• [Task item]
For the entries that appear below, write out the exact text and omit the pictures.

[Records from a data source]
══════════
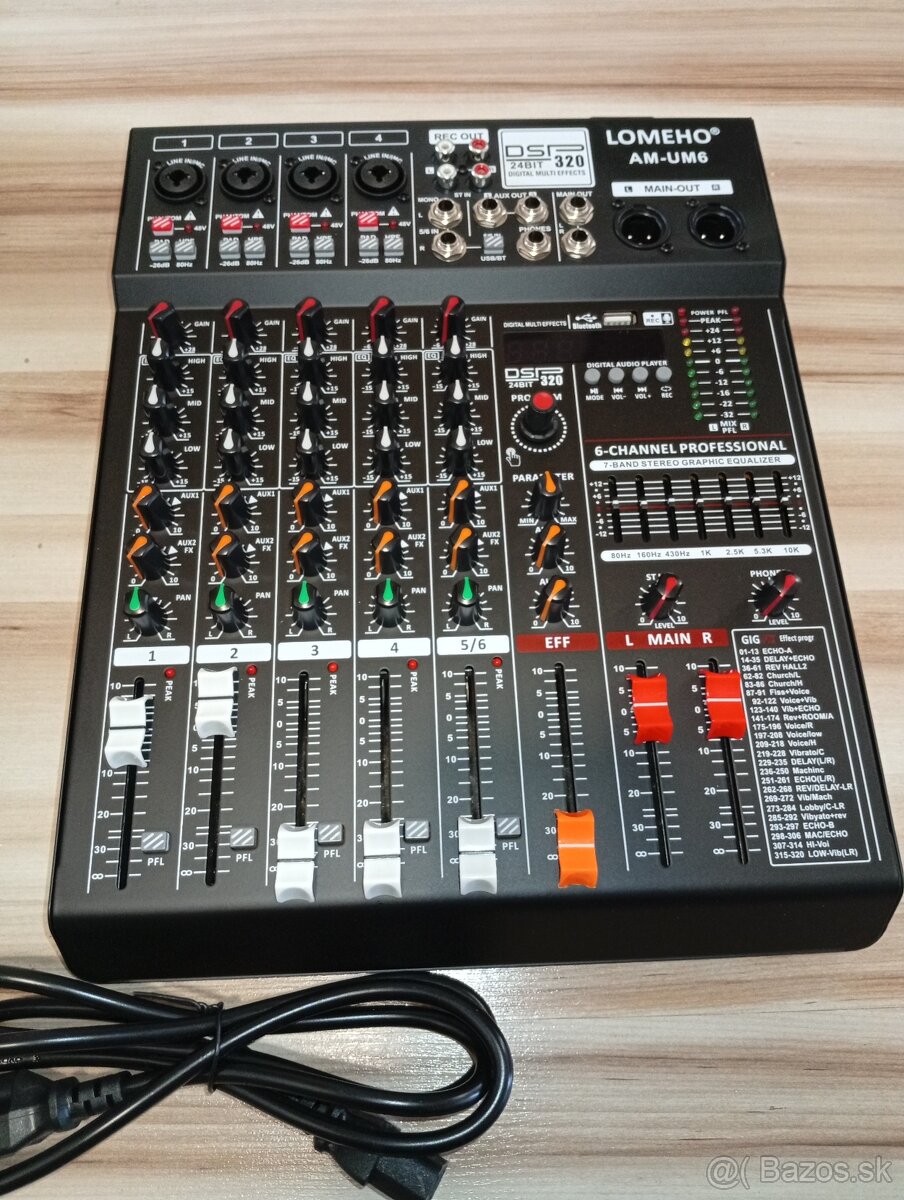 Nový mix s bluetooth a usb, 320 efektov - 2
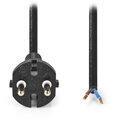 NEDIS napájecí kabel k vysavači/  CEE 7/17/ 250 V AC/ PVC/ černý/ 7 m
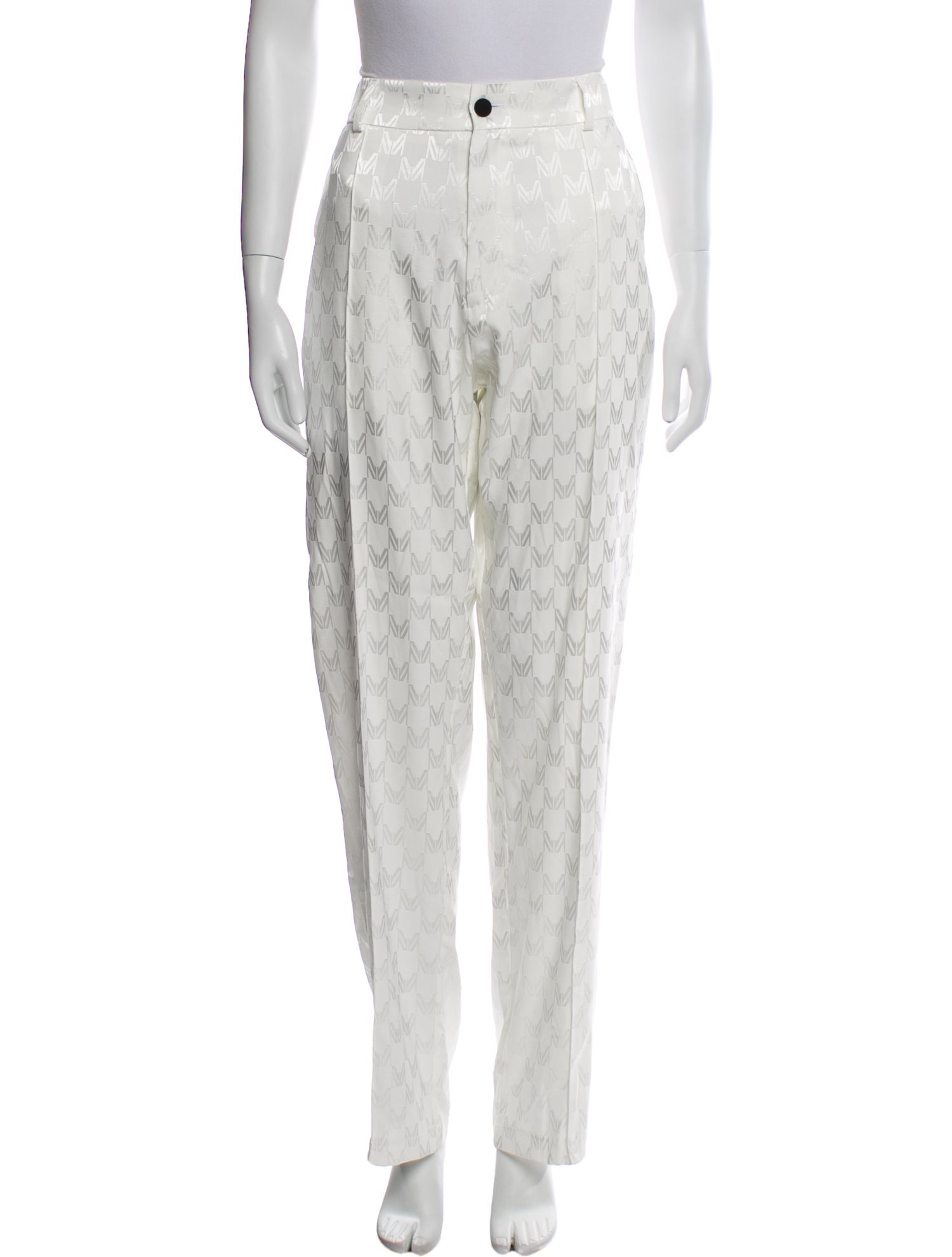Marcell Von Berlin Printed Straight Leg Pants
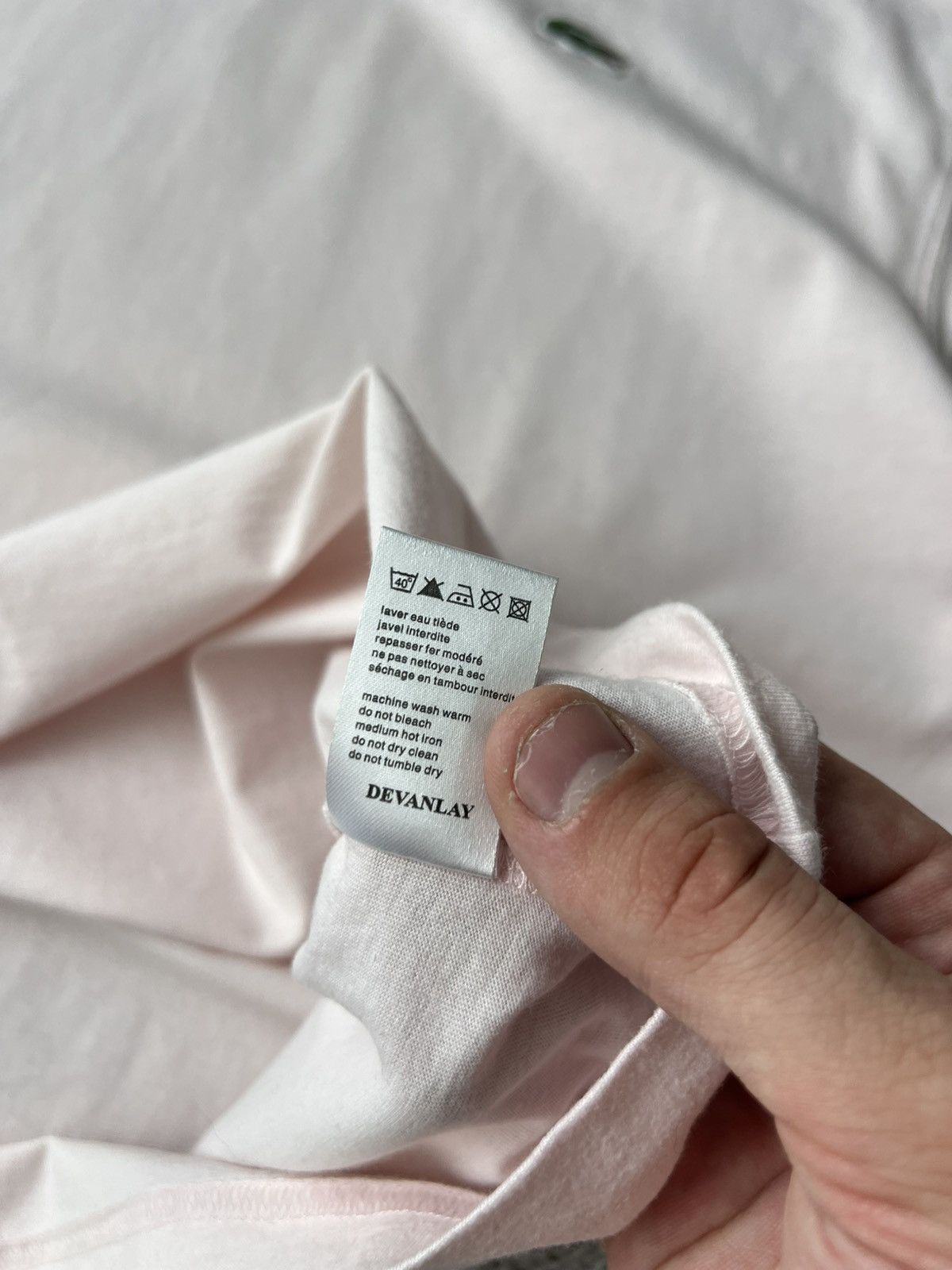 Lacoste Rare Lacoste Pastel Pink Croc Tee Size XL Vintage Size US XL / EU 56 / 4 - 7 Thumbnail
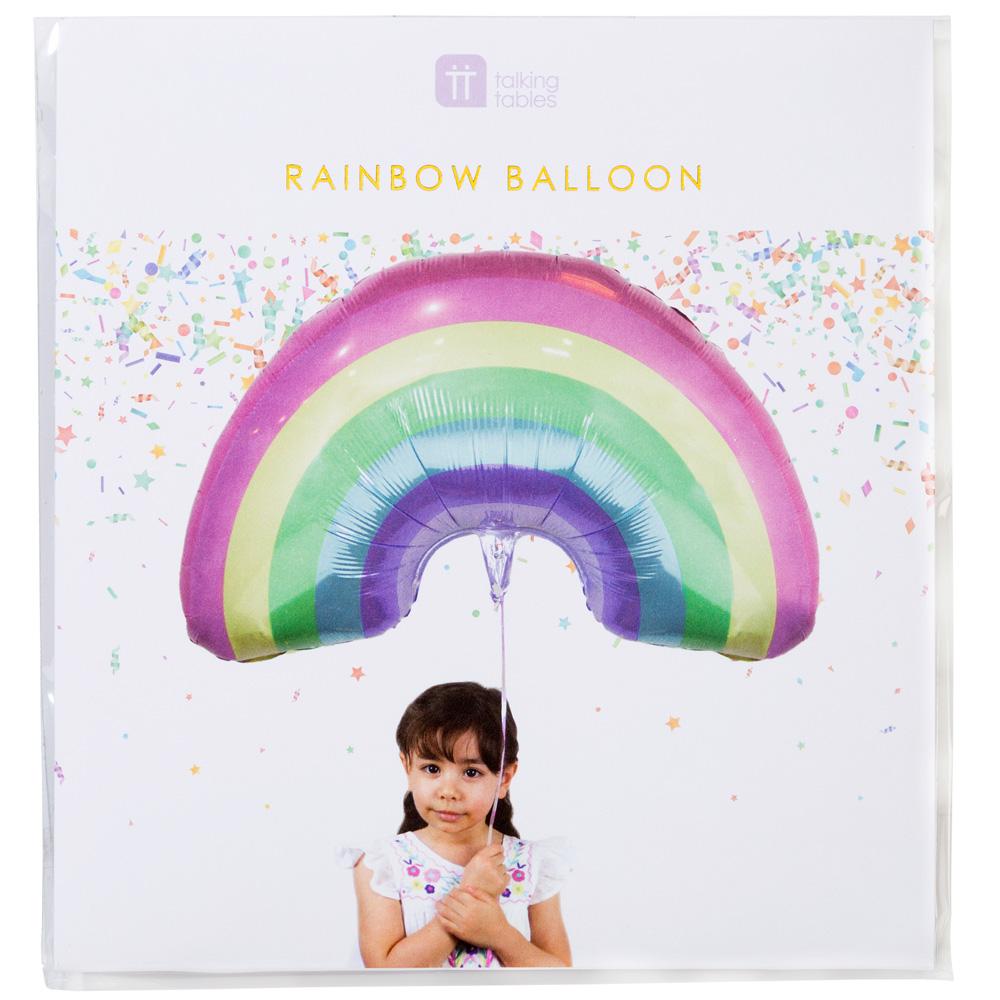 pastel rainbow mylar ballon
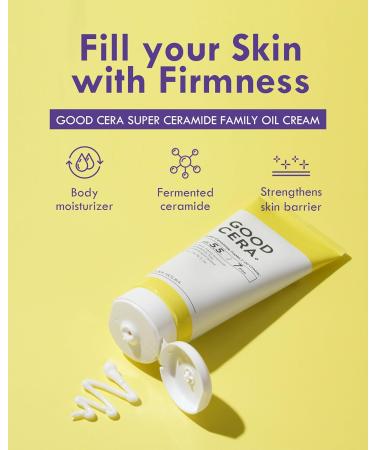 HOLIKA HOLIKA Good Cera Super Ceramide Oil Cream 6.76 fl oz | Best Ceramide Moisturizer for Dry Skin | Hydrating Face & Body Lotion for Men & Women - Buy Online on GoSupps.com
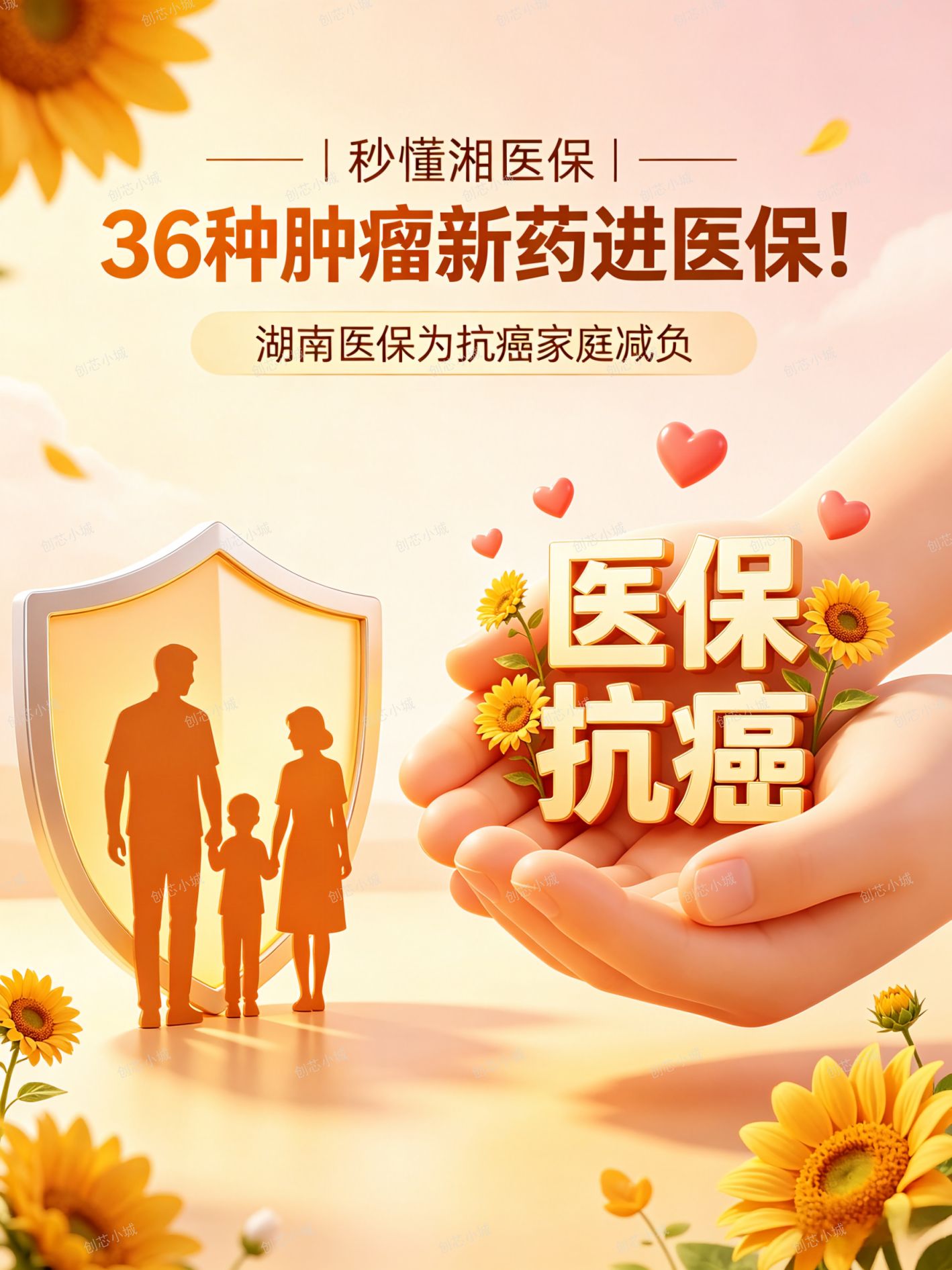 秒懂湘医保｜36种肿瘤新药进医保！湖南医保为抗癌家庭减负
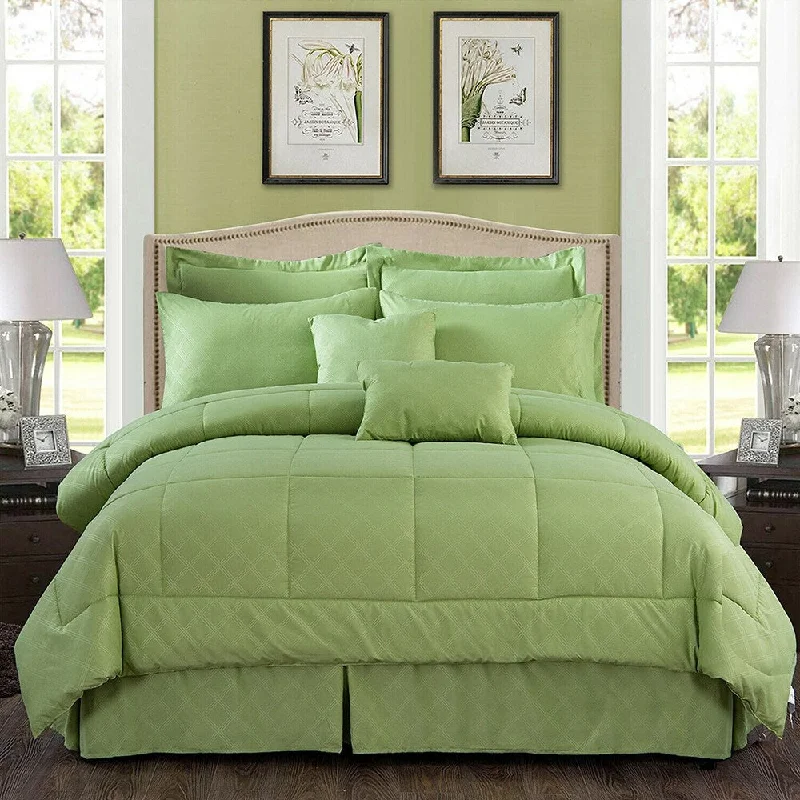 Silk - filled comforters for a luxurious and smooth touch10 Piece Comforter Set Soft Bed in a Bag Comforter Twin Lemon Silk - filled comforters for a luxurious and smooth touch10 Piece Comforter Set Soft Bed in a Bag Comforter Twin Lemon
══════════
• [Task output]
 Nový mix s bluetooth a usb, 320 efektov - 2
 NEDIS napájecí kabel k vysavači/  CEE 7/17/ 250 V AC/ PVC/ černý/ 7 m
Marcell Von Berlin Printed Straight Leg Pants
 Lacoste Rare Lacoste Pastel Pink Croc Tee Size XL Vintage Size US XL / EU 56 / 4 - 7 Thumbnail
 pastel rainbow mylar ballon
 HOLIKA HOLIKA Good Cera Super Ceramide Oil Cream 6.76 fl oz | Best Ceramide Moisturizer for Dry Skin | Hydrating Face & Body Lotion for Men & Women - Buy Online on GoSupps.com
 秒懂湘医保｜36种肿瘤新药进医保！湖南医保为抗癌家庭减负
 Silk - filled comforters for a luxurious and smooth touch10 Piece Comforter Set Soft Bed in a Bag Comforter Twin Lemon Silk - filled comforters for a luxurious and smooth touch10 Piece Comforter Set Soft Bed in a Bag Comforter Twin Lemon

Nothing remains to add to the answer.